### Work required
With pictures left out, output exactly the lines of the listing below from the line that has "カシミヤブレンド ノーカラーコート ＜A DAY IN THE LIFE＞" to the line that has "Hidewise London Walking", both lines kept.

### Data
*** Begin section ***
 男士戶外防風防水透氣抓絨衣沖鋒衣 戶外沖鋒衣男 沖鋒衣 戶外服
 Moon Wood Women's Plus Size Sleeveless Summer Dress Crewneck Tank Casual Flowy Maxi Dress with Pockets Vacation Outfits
*** End section ***
*** Begin section ***
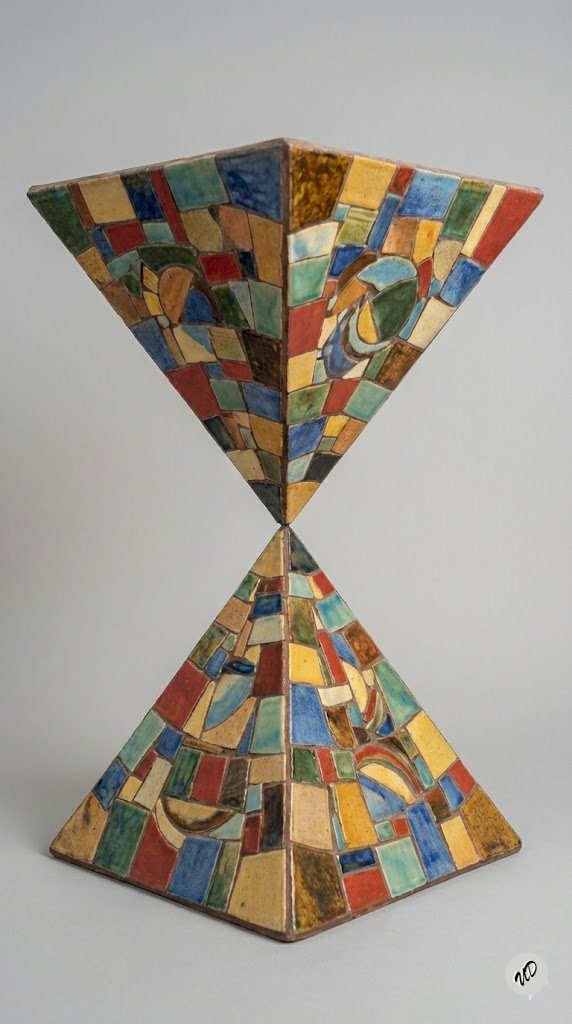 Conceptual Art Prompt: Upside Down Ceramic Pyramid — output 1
*** End section ***
*** Begin section ***
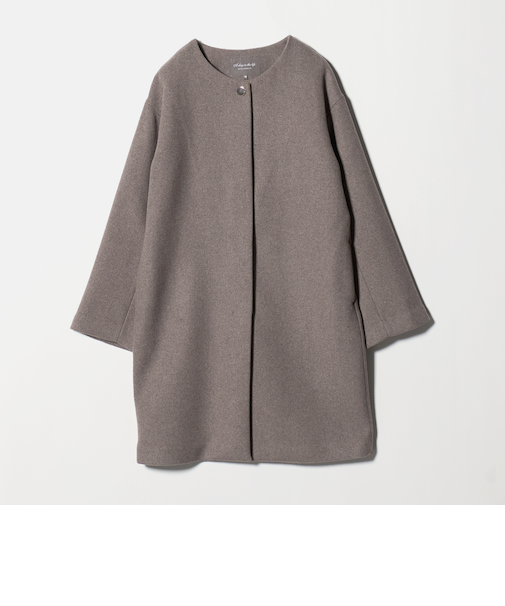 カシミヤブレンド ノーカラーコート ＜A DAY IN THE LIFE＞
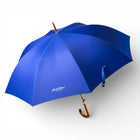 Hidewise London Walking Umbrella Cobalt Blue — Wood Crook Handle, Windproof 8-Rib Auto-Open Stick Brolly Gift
*** End section ***
### Result below
 カシミヤブレンド ノーカラーコート ＜A DAY IN THE LIFE＞
 Hidewise London Walking Umbrella Cobalt Blue — Wood Crook Handle, Windproof 8-Rib Auto-Open Stick Brolly Gift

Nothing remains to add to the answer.